In this article, the author examines a number of issues in the Book of Esther from a theological perspective: the relation between the Book of Esther and the Bible, humor as a Jewish perception of the unstable world, Jewish communities flourishing in the Diaspora, and the possibility of redemption in Diaspora. Reprinted with permission of the author from The Jewish Way: Living the Holidays.

The most remarkable contribution of Purim and the scroll of Esther is to present the transformation of Persian Jewry not as a product of either blind chance or human effort alone but, in true covenantal fashion, as a result of God’s working in history.
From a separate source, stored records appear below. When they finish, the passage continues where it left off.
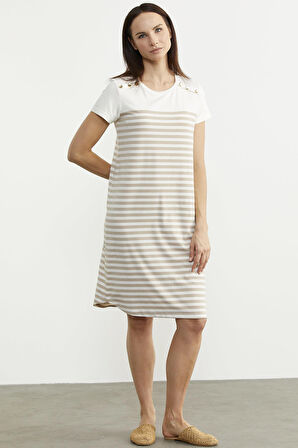 Düğme Detaylı Çizgili Penye Elbise - Vizon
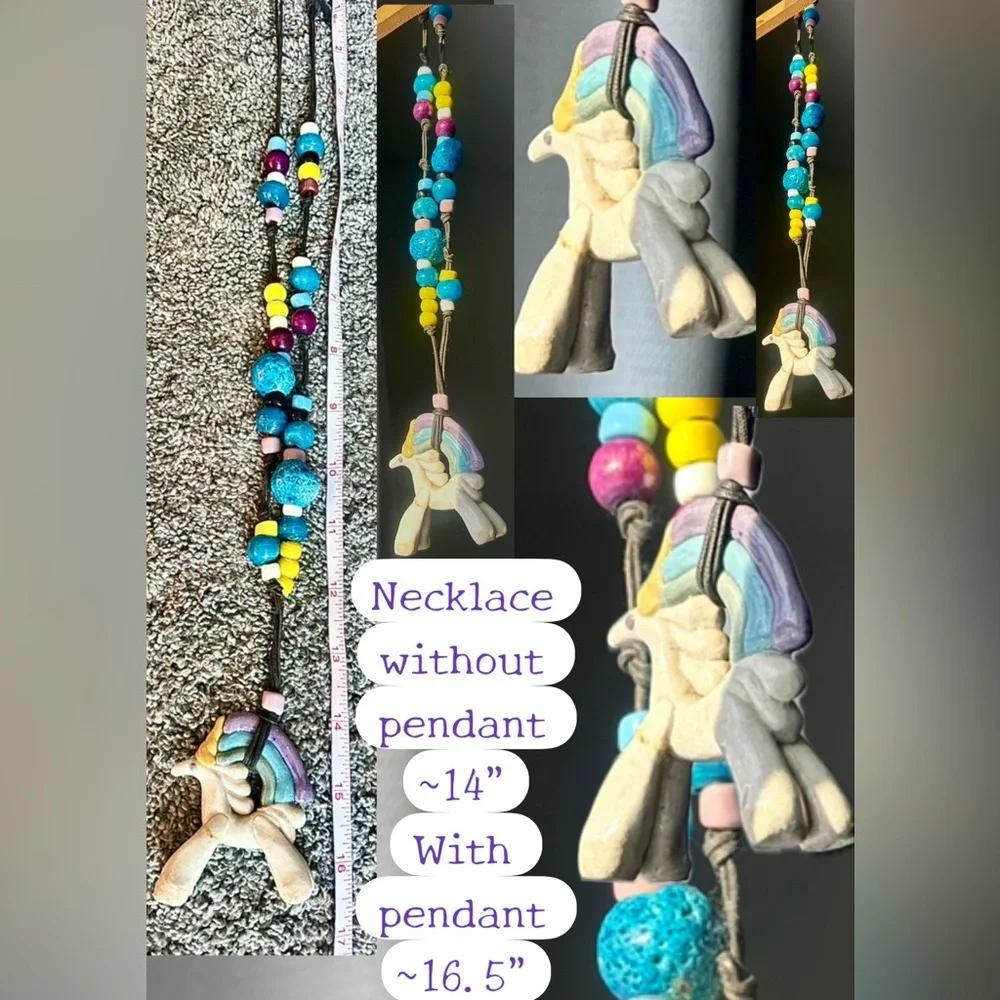 🦄 Handmade Unicorn Colorful Beaded Necklace or hanging decor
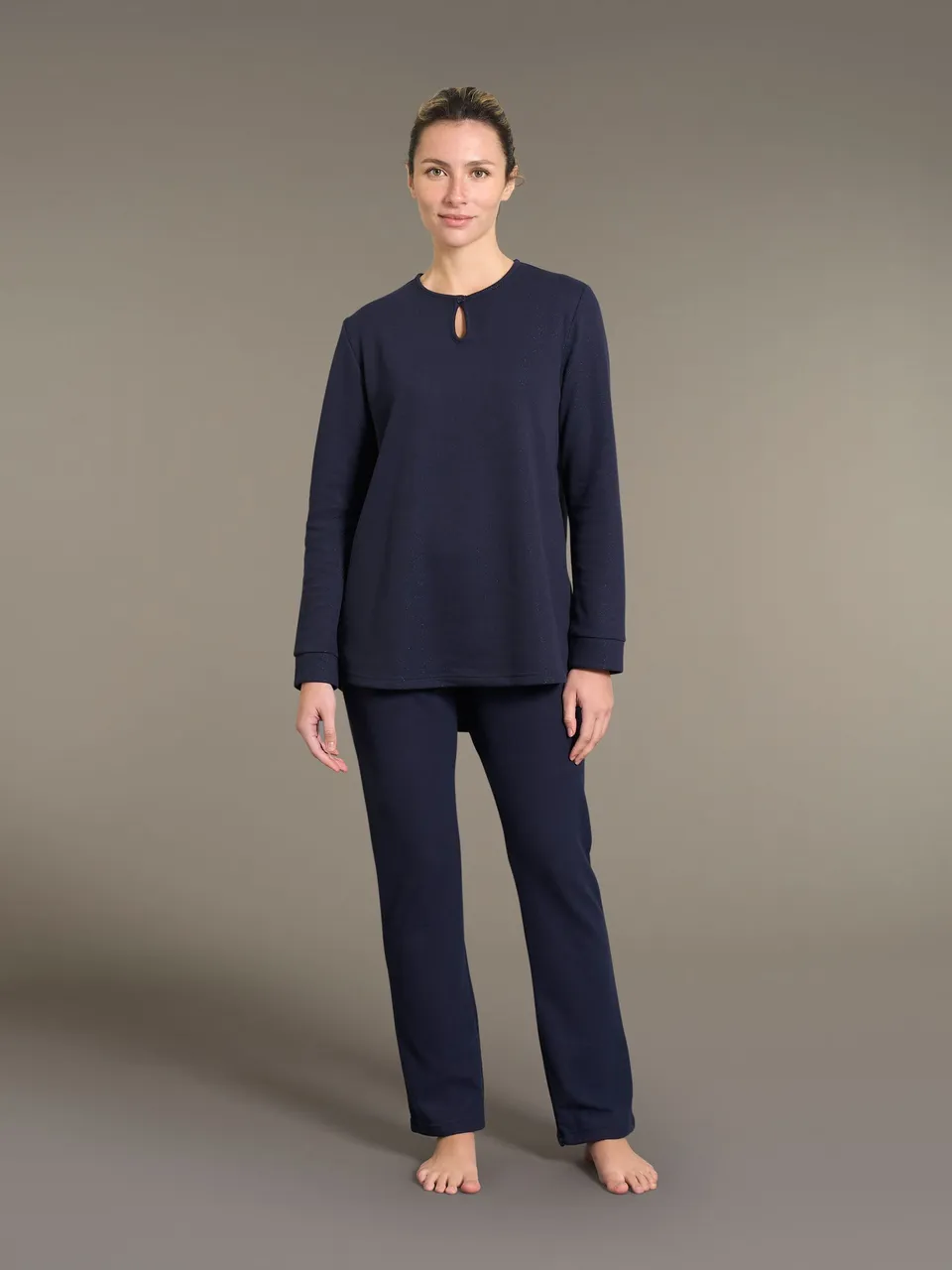 Ragno Pigiama Lungo Scollo a Goccia Cotton Eco Pile Tenebre invernale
It is not chance (pur) but Providence that ultimately accounts for the reversal of Esther’s fortunes and, because of her, of Israel’s as well. Thus, the Book of Esther brings the Diaspora into the great pattern of redemption history.

The Persian Jewish community, as reflected in the Book of Esther, responded to the entire episode with a determination to survive as Jews and with a discerning reaffirmation of its Jewishness in relation to gentiles. Nowhere is there a hint that all gentiles were like Haman. Jews attacked people because they were unjustified enemies intent on murder, not because they were gentiles. Gentiles who helped were neither censured nor criticized. The Jews avoided blind affirmation of the victory and naive praise of Jewish-gentile cooperation.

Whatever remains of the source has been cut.